Kaye left the show to have her second child and, after a brief return, finally left for good over a dispute about money. She and her long-term partner, tennis coach Ian Campbell, have two children, Charlie (8) and Bonnie (4).
“With Ian being a tennis coach I used to play a lot. With having children and everything I’ve let it slip over the last few years, but I’m planning to get back into it this summer.”
Since March last year, Kaye has presented her own morning call-in show. Call Kaye is on weekday mornings from 8.50-10.30am. “I really enjoy doing a radio show,” she says.
“Radio’s not all that much different from doing television. Really, it’s the listeners who shape the debates all I do is frame them.
“I enjoy the variety of topics. We talk about things that affect people’s life. So after the awful events in Japan, we discussed the pros and cons of nuclear power.
“This morning we were chatting about how much privacy you should give teenagers. It’s all things that are relevant to people’s lives.”
The former Loose Women presenter and current Radio Scotland host was fresh out of journalism school and, quite naturally, felt a little overwhelmed by the Iron Lady.
“I never expected she’d agree to an interview,” she says, “so it was all a bit of a surprise. I was working for Central News at the time and had suggested doing a programme on the low number of women in Parliament.

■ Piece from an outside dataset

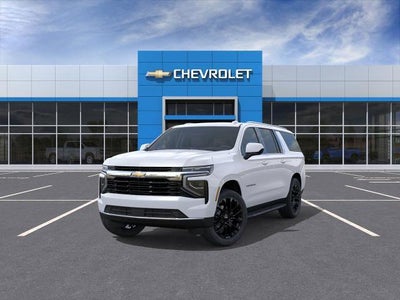 2026 Chevrolet Suburban LS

“It was a bit of a scandal at the time. I can’t remember the exact figure all these years later, but I think it was something like only 4% of people in Parliament were women.
“So I wanted to find some women who had done well at Westminster … and Mrs Thatcher was the most obvious choice.”

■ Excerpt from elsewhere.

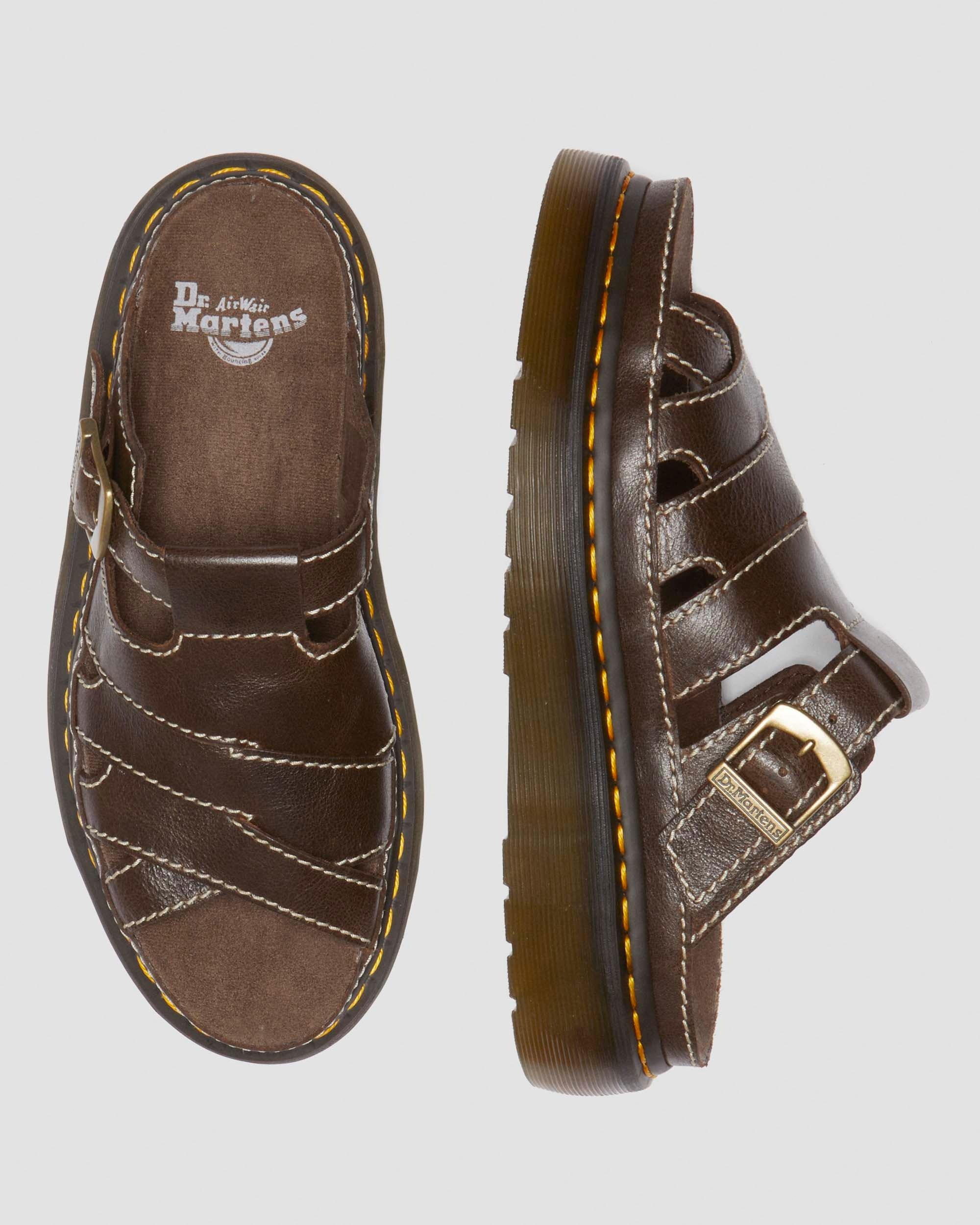 Maxxy Slide AR Rogue Leather Sandals - 2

The interview was held in Downing Street and the Iron Lady answered the door herself. “She ushered us in and brushed down my shoulders so I wouldn’t have fluff on them when my mum saw me on TV.
“To this day I still have no idea if that was a genuine gesture of affection, born out of her maternal instincts, or if that was her way of putting this cheeky young pup in her place by treating her as a cheeky young pup.”

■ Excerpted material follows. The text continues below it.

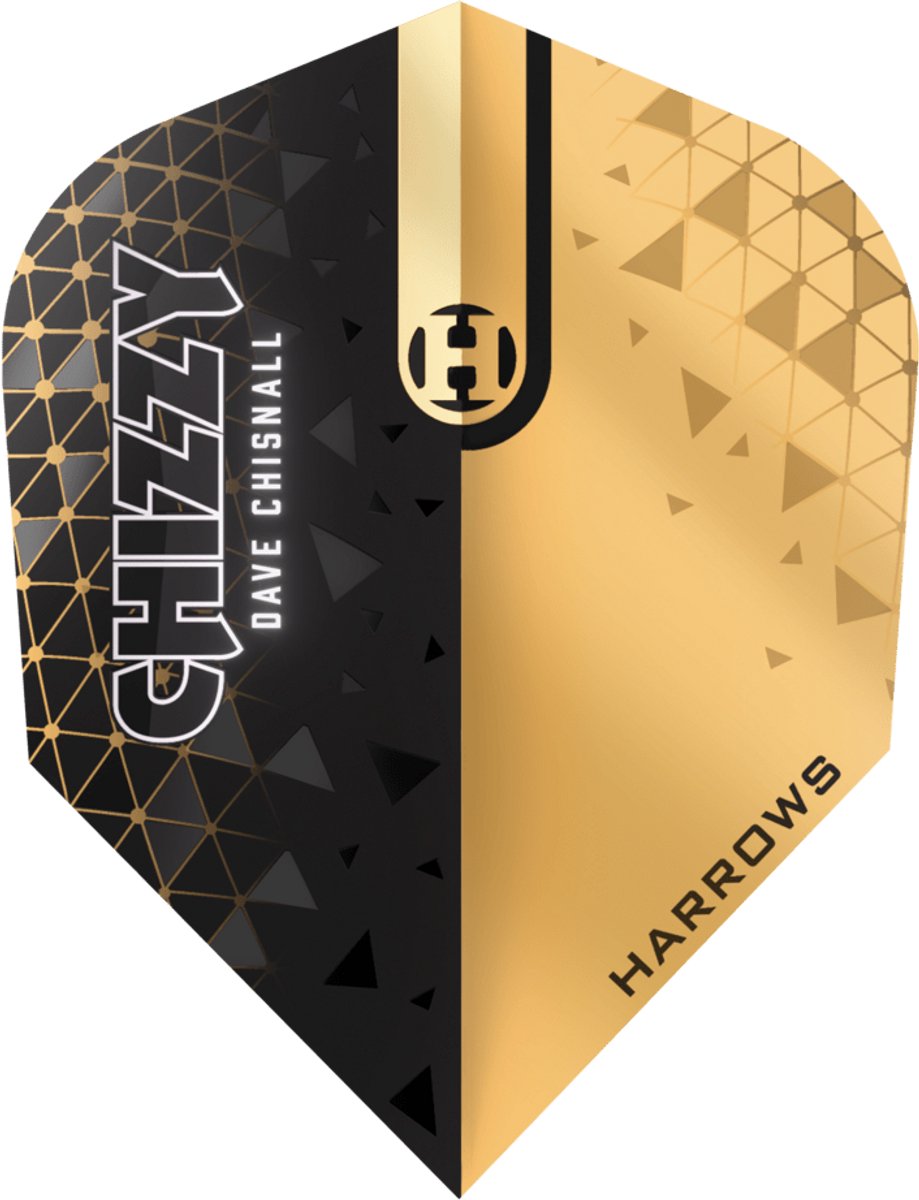 Harrows Prime Dave Chisnall V2 NO6 - Dart Flights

Whatever the reason, the interview was a terrific coup for the young reporter. “I’ve no illusions that it was a great interview. I was only 24 and still very green, but it was a great opportunity.
“She achieved a lot, although I wouldn’t say she did much for women’s rights they did refer to her as the best man in the cabinet, after all.”
Kaye (48) was born in Grangemouth and her parents ran a road haulage business. She went to St George’s School for Girls in Edinburgh and then to Edinburgh University.
“I initially wanted to be a lawyer, but I didn’t get accepted to study law. They suggested I take a social science degree, so I studied economics and politics. I took a couple of law courses, but very quickly decided it looked too much like hard work.”NewspaperInstead, Kaye began working on one of the university’s student newspapers and quickly realised she’d found the occupation she wanted. “When I graduated I applied to all the journalism training courses there were this was back in the day when quite a few companies still did them.
“I applied to DC Thomson, I applied to loads of radio stations and I applied to television stations. When Central Television offered to take me on their training course in Birmingham it was a fantastic opportunity, so off I went.
“It was a one-year course and it was run in conjunction with ITN, so you were being taught by some of the most senior reporters in the country, people I’d watched on the news when I was growing up. They were really generous with their experience and their expertise.”
The training course saw Kaye gain experience of all aspects of television news and included some fairly unlikely outposts. “I wrote weather reports and would regularly have them sent back for being 10 seconds long instead of eight.
“For a while I presented a children’s news programme called News Hound, where my co-presenter was an Irish Wolfhound called Oscar.”